According to Harvard’s School of Public Health, it may reduce the risk of Alzheimer’s and dementia, suicide risk, lower the chance of oral cancers and strokes.
Those statistics might be available to Millennials, however, majority of them do not care about it or choose to ignore it.
According to Bloomberg, Millennials count for 44 percent of U.S. coffee demand, an increase from 34 percent to 48 percent from 2008 to 2016.
Millennials are increasing the demand of coffee in the country and an example of that is the opening of Starbucks on Quinnipiac’s Mount Carmel campus.
White does not think that this event will affect students drastically.
“I don’t know that it’s really going to do any more caffeine damage if it wasn’t here,” she said.
Other students, like marketing major Ryan Lawson, have been drinking a larger amount of coffee since the opening of the new Starbucks on campus.
“I drink coffee every day, and sometimes more than once,” said Lawson as he got a Venti sized coffee at Starbucks.
Although Monday mornings aren’t as busy as expected, Starbucks on campus gets extremely crowded throughout the week.
“Usually in the mornings and around lunch time or early afternoon is when it is the most crowded,” said one worker.
Quinnipiac students have always been aware of the huge lines and waiting time at Au Bon Pain, in the first floor of the cafeteria. However, the workers have been seeing a difference.
“We’re definitely less busy since the Starbucks opened, but we still get a lot of students, mostly because of our sandwiches,” said a worker at Au Bon Pain.
A misconception about coffee is that it gives people the energy they could be lacking of in the moment, however, White thinks this is one of the bigger issues about caffeine abuse.

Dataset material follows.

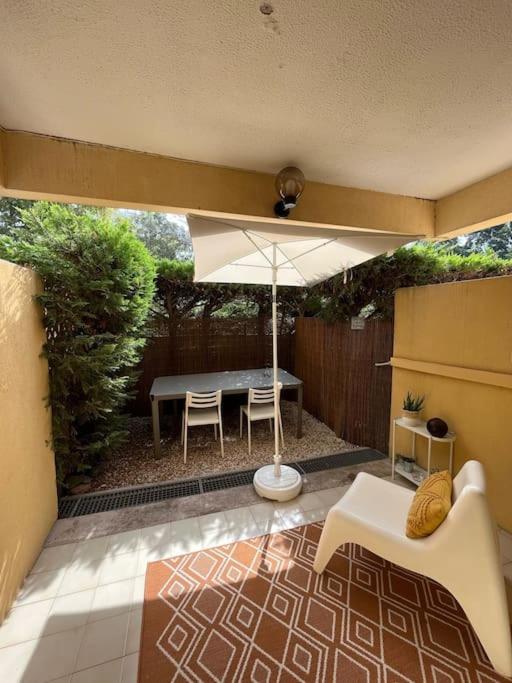 Studio Bord De Mer Boulouris A Saint Raphael Extérieur photo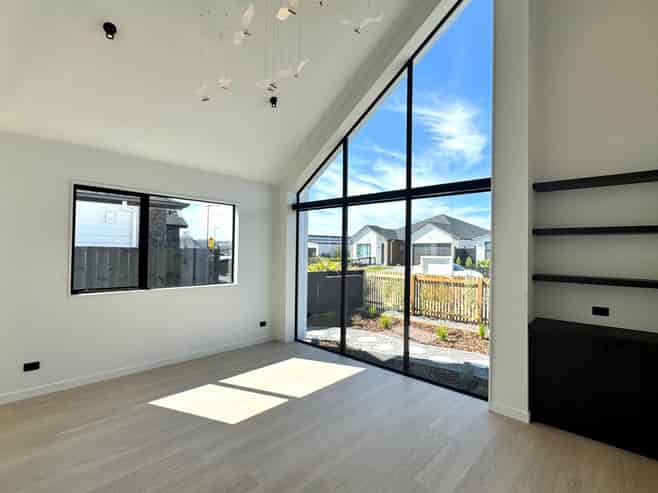 9 Tipu Crescent, Milldale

“The real energy you are going to gain is from calories, and a cup of coffee only has about five calories. You can’t just drink coffee and not eat food,” said White.

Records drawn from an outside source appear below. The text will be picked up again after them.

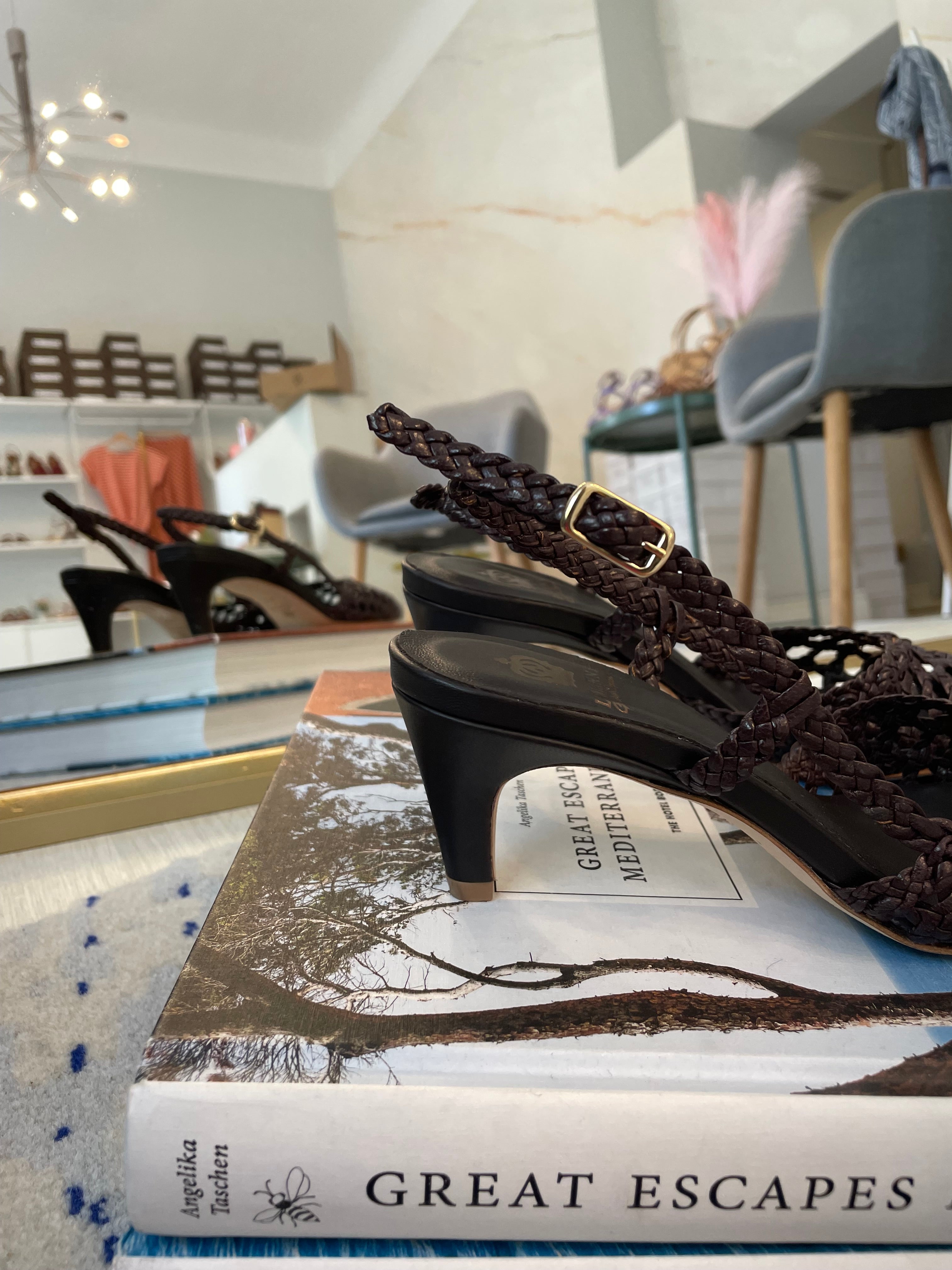 L’Arianna slingback intrecciata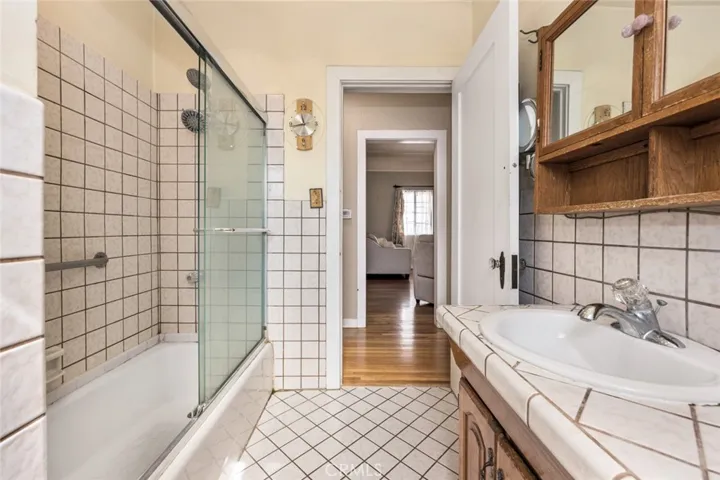 2821 Vaquero Avenue, Los Angeles, California 90032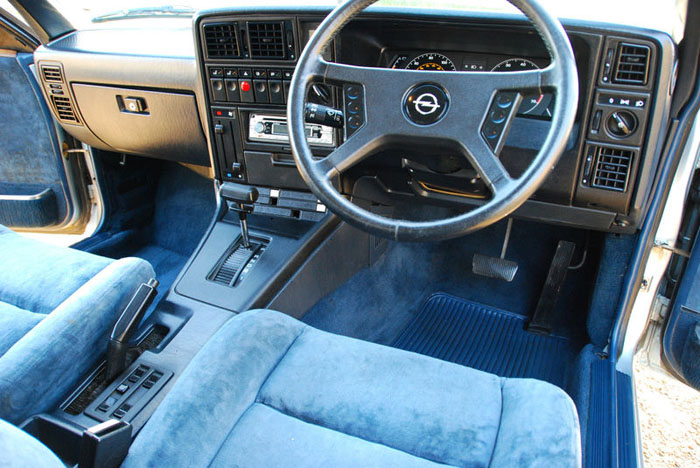 1983 opel senator 3.0 cd e auto interior dashboard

The United States spends $40 billion on coffee each year, according to the National Coffee Association, with the average price of an espresso-based drink being $2.45 and the average price of a brewed cup of coffee at $1.38.
“I probably spend around $50 on coffee each month, maybe a little less,” said Anica Lazetic, psychology major at Quinnipiac.
Although Starbucks is considered an expensive coffee shop, the fact that Quinnipiac students can use their meal plan money is very helpful.
“It’s mandatory to pay for $200 for meal plan when you’re off campus, and since I’m always cooking at home, I have been spending mostly of my meal plan with coffee at Starbucks,” said Healey.
Although majority of the students think of coffee in a positive way, White believes there are some measures they need to take.
“I think most college students need to be eating better, sleeping more and calming down, so [coffee] can work against you if you take too much of it,” said White.